Keywords: Antiplatelet agents, chronic kidney disease, hemorrhage, ischemic, stroke

How to cite this article:
Nayak-Rao S, Shenoy M P. Stroke in patients with chronic kidney disease…: How do we approach and manage it?. Indian J Nephrol 2017;27:167-71

How to cite this URL:
Nayak-Rao S, Shenoy M P. Stroke in patients with chronic kidney disease…: How do we approach and manage it?. Indian J Nephrol [serial online] 2017 [cited 2022 Aug 17];27:167-71. Available from:

  Introduction Top

Cardiovascular disease is the leading cause of death in patients with kidney failure. Although much focus has been given to the high rates of cardiac disease including myocardial infarction, cardiomyopathy, and cardiac arrhythmia, equal attention needs to be given to the equally debilitating burden of cerebrovascular disease. Several conventional risk factors for atherosclerosis are more prevalent in patients with chronic kidney disease (CKD). And hence, the risk of cardiovascular diseases, including stroke in patients with end-stage renal disease (ESRD) is 5–30 times greater than that in the general population.[1] The risk of hemorrhagic stroke has been reported to be higher than ischemic stroke in hemodialysis (HD) patients when compared to peritoneal dialysis (PD) patients, though this has not been consistently the case, especially in recent studies. Risk factors for stroke include nonmodifiable risk factors such as older age, diabetes, male gender, non-Caucasian/Asian ethnicity, and a positive family history.[2] Hypertension continues to be the major modifiable risk factor for both ischemic and hemorrhagic stroke with risk increasing with worsening systolic and diastolic blood pressure control. Atherosclerotic risk factors such as smoking, hyperlipidemia as well as atrial fibrillation (AF) increase risk of ischemic stroke. The prevalence of AF in CKD population is more than twice in the general population [3] and confers a greater thromboembolic risk. Stroke rates continue to increase in the low- to middle-income countries in contrast to declining stroke risk in high-income countries.

  Stroke Risk in Predialysis Chronic Kidney Disease Top

The co-existence of several vascular risk factors in patients with CKD has been postulated as the reason for the observed association of renal dysfunction with stroke. Hypertension, diabetes mellitus, dyslipidemia, and proteinuria are all highly prevalent in the CKD population. Moreover, factors specific to CKD include accelerated atherosclerosis, vascular calcification, effect of uremic toxins, prothrombotic tendency, and impaired cerebral autoregulation. Intracranial arterial calcification, which is associated with stroke risk in the general population increases in prevalence in patients with CKD.

A graded and independent relationship between estimated glomerular filtration rate (eGFR) and stroke risk has been reported in some studies.
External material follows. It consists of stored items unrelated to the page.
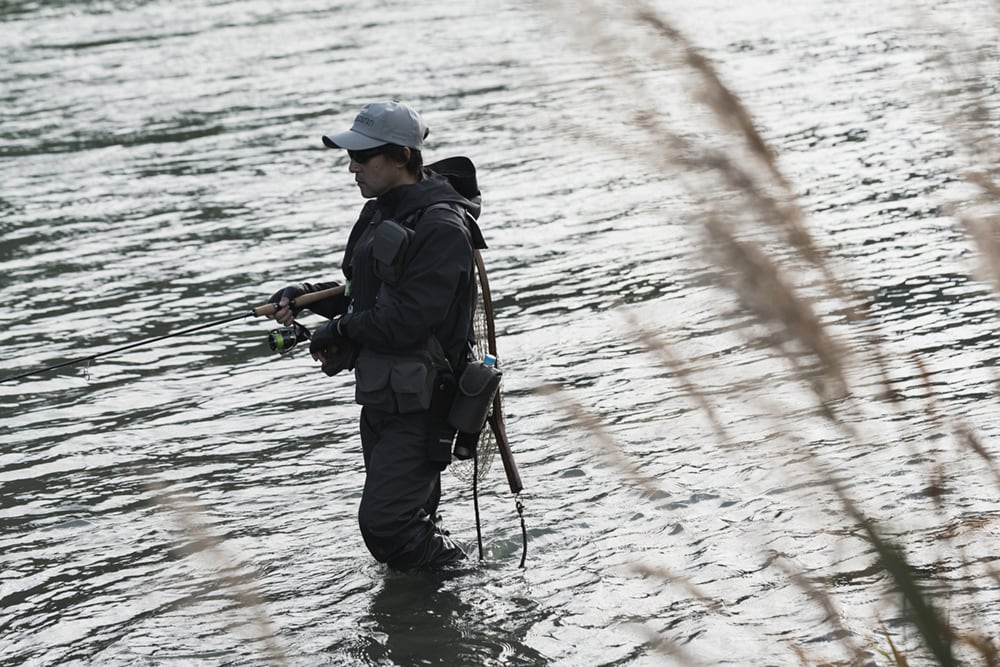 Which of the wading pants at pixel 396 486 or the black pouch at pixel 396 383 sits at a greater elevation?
the black pouch at pixel 396 383

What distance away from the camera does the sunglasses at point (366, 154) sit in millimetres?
5475

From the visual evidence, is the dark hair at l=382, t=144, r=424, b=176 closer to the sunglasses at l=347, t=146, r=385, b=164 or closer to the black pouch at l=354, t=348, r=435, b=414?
the sunglasses at l=347, t=146, r=385, b=164

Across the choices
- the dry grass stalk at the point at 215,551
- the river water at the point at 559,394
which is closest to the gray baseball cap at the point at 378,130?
the river water at the point at 559,394

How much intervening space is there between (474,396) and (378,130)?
1130 mm

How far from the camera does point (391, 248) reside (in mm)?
5254

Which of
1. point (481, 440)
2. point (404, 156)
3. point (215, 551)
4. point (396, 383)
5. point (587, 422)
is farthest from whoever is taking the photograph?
point (481, 440)

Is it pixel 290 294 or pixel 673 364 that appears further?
pixel 290 294

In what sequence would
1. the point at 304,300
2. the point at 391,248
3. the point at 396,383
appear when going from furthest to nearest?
the point at 304,300
the point at 396,383
the point at 391,248

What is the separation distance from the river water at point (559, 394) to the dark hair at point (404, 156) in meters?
1.38

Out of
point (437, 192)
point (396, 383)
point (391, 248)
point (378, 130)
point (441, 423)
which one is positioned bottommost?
point (441, 423)

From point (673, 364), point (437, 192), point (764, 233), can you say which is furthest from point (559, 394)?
point (437, 192)

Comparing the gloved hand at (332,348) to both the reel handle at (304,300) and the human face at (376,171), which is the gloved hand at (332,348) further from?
the human face at (376,171)

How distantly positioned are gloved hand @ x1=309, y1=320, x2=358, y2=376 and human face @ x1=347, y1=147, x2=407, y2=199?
57cm

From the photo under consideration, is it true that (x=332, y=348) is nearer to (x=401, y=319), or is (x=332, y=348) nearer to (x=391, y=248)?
(x=401, y=319) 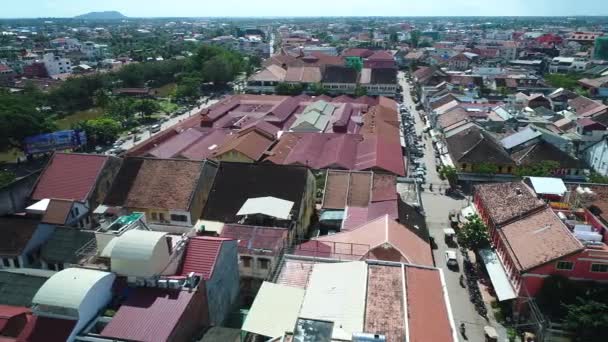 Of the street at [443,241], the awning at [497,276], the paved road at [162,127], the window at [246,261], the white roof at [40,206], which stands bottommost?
the paved road at [162,127]

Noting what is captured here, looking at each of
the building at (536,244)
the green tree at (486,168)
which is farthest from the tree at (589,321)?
the green tree at (486,168)

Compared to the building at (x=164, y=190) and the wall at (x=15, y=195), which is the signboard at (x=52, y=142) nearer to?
the wall at (x=15, y=195)

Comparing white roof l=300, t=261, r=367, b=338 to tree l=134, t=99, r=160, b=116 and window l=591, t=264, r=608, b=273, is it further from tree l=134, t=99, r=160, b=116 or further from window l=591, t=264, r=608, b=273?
tree l=134, t=99, r=160, b=116

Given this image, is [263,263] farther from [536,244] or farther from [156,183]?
[536,244]

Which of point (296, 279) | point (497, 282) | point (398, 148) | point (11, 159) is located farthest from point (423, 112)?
point (11, 159)

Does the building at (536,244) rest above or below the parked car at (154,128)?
above

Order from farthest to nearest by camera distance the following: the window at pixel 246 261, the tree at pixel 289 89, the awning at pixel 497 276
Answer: the tree at pixel 289 89, the window at pixel 246 261, the awning at pixel 497 276

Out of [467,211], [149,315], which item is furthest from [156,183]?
[467,211]

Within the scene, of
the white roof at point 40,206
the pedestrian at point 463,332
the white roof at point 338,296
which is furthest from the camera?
the white roof at point 40,206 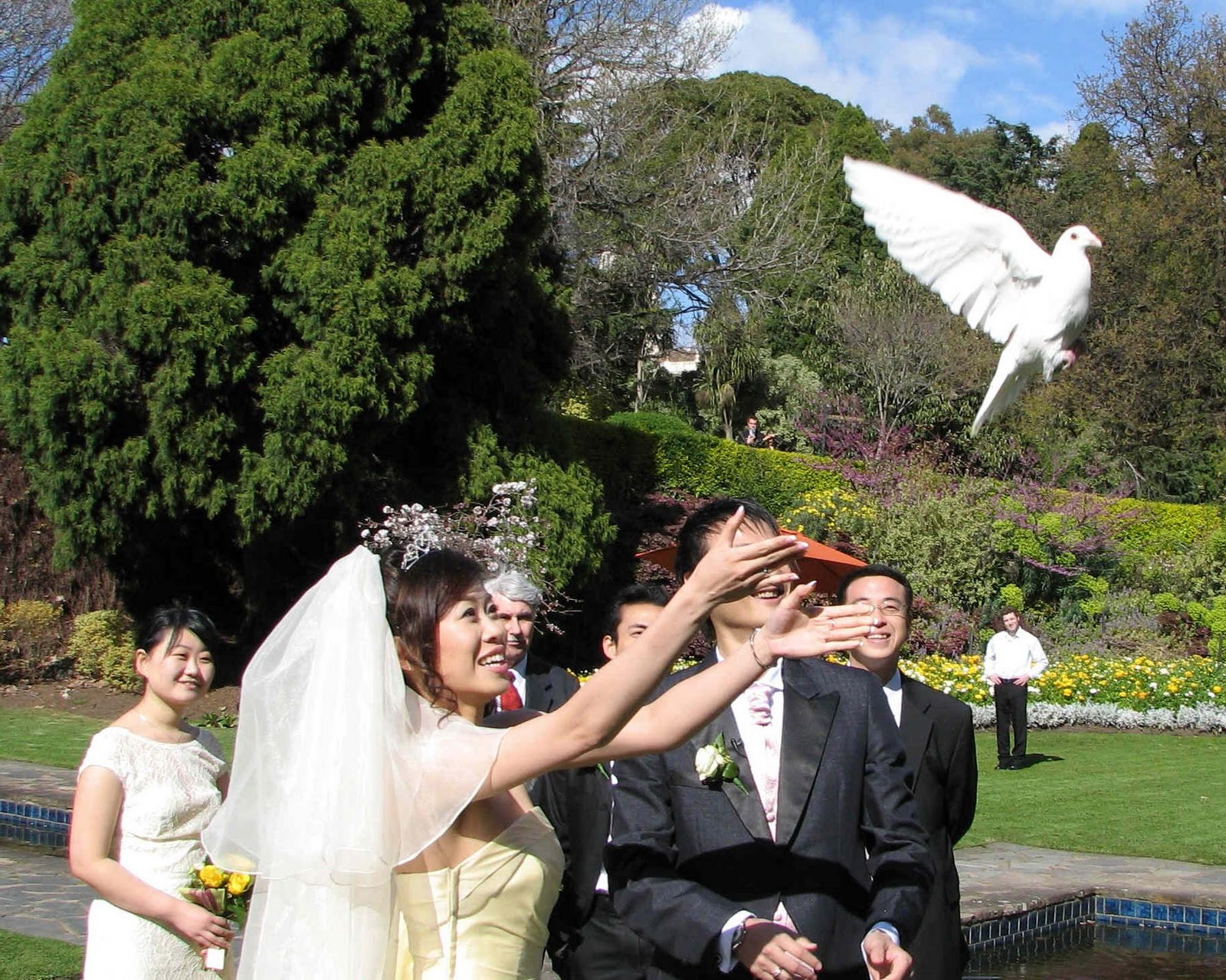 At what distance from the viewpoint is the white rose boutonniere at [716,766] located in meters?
2.69

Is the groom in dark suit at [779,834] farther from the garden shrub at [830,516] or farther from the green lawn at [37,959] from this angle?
the garden shrub at [830,516]

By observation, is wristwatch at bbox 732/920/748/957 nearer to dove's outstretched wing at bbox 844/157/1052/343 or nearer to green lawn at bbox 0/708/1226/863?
dove's outstretched wing at bbox 844/157/1052/343

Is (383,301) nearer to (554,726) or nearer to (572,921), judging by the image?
(572,921)

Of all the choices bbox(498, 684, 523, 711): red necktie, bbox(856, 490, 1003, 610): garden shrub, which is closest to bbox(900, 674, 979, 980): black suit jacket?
bbox(498, 684, 523, 711): red necktie

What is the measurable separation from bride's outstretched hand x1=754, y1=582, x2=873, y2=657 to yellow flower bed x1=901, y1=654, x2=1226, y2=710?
12990 millimetres

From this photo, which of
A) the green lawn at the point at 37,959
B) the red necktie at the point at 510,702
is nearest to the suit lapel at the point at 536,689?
the red necktie at the point at 510,702

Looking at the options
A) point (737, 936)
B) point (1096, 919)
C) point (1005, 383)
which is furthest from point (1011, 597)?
point (737, 936)

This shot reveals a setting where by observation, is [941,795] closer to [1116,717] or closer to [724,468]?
[1116,717]

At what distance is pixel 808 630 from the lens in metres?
2.40

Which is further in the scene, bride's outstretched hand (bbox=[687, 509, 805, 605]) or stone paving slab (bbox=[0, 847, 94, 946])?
stone paving slab (bbox=[0, 847, 94, 946])

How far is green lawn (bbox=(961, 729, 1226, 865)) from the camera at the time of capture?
936 centimetres

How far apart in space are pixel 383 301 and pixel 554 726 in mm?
12069

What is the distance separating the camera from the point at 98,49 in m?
14.7

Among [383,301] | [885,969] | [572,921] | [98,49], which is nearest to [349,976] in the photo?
[885,969]
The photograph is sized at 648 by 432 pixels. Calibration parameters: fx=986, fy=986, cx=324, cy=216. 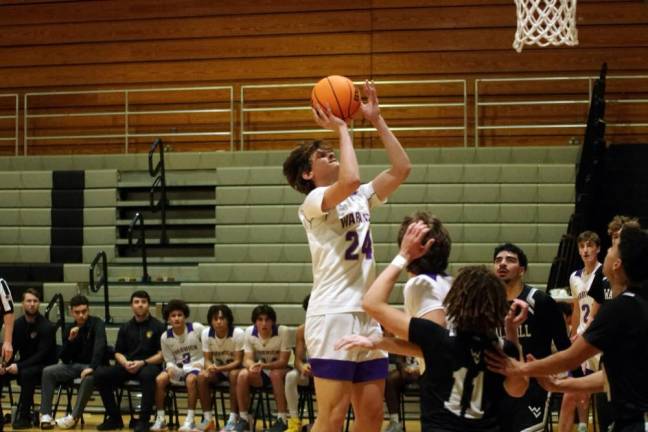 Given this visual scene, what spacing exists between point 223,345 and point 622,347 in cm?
653

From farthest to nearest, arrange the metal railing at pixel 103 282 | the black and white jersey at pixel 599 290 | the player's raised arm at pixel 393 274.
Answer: the metal railing at pixel 103 282, the black and white jersey at pixel 599 290, the player's raised arm at pixel 393 274

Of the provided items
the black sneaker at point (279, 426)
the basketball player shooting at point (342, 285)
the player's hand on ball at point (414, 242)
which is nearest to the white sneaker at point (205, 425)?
the black sneaker at point (279, 426)

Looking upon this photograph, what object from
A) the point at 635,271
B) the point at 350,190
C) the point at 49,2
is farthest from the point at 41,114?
the point at 635,271

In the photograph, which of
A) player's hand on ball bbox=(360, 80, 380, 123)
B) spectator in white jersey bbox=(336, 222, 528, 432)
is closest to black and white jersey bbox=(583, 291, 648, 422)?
spectator in white jersey bbox=(336, 222, 528, 432)

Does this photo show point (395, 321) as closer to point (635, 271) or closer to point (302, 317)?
point (635, 271)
A recent meta-analysis incorporating data from 33 studies reported a 43% independent risk of stroke with eGFR <60 ml/min.[4] This increased risk effect was further modulated by the ethnicity of the patient with a higher stroke risk seen in Asian compared to non-Asian populations (relative risk [RR] 1.96 vs. 1.26, P< 0.0001). The presence of proteinuria is itself an important risk factor for stroke even in the absence of reduced GFR and after the adjustment for other vascular risk factors.[5] A meta-analysis of observational cohort studies observed that patients with proteinuria had an adjusted risk ratio of 1.71 (95% confidence interval [CI] 1.39–2.10, P = 0.008). It is not known however if interventions to reduce proteinuria are effective in reducing rates of stroke.

  Stroke Risk in Dialysis Top

Patients with ESRD on dialysis have a 8–10 times greater incidence of stroke compared to the general population with rates varying from 10 to 33 per 1000 patient years in published series.[6],[7],[8] The age-adjusted RR of stroke among dialysis patients compared to the general population was 6.1 (CI - 5.1–7.1) for Caucasian males and 9.7 (CI - 8.2–11.2) for African American males. There are also notable differences in the type of CVA in dialysis patients versus the general population with a higher prevalence of hemorrhagic CVA. A 22-year single center study of stroke in patients on maintenance HD compared HD patients [9] with stroke to stroke with normal kidney function. It was noticed that stroke patients receiving HD were younger (age 64 ± 10 vs. 67 ± 13 years, P< 0.02). In the HD group, hemorrhagic stroke was the major subtype of stroke (52%), whereas in the control group, ischemic stroke was more prevalent (68%). This may have been a reflection of uncontrolled hypertension in this cohort as well as a genetic predisposition. It is important to note that the majority of data about stroke in dialysis patients is derived from HD population from the United States and Japan. The only European study [6] that has looked at stroke risk in maintenance HD patients revealed a first stroke rate of 14.9/1000 patient years (95% CI - 12.2–17.9) with a predominance of ischemic compared to hemorrhagic subtypes (11.2 vs. 3.7 per 1000 patient years). Hemorrhagic strokes occurred more frequently in patients of South-Asian ethnicity compared to ischemic strokes which occurred predominantly in caucasian patients. Most studies with ESRD have focused on HD patients and less is known about the incidence, RRs, and subtypes of stroke in PD patients. Wang et al. looked at data of >5000 PD patients and compared it to 74,192 HD patients in a retrospective cohort study.[8] In comparison to the HD group, it was found that PD patients had a lower risk of hemorrhagic stroke (hazard ratio [HR] 0.75, 95% CI - 0.58–0.96), and there was no significant difference in risk of ischemic stroke between HD and PD patients after adjusting for all potential confounders and competing risk of death and matched by propensity scores. In the largest PD cohort to date from the United Kingdom (n = 1511) with a mean age of 55 years, the overall incidence of stroke was 9.8/1000 patient years.[10]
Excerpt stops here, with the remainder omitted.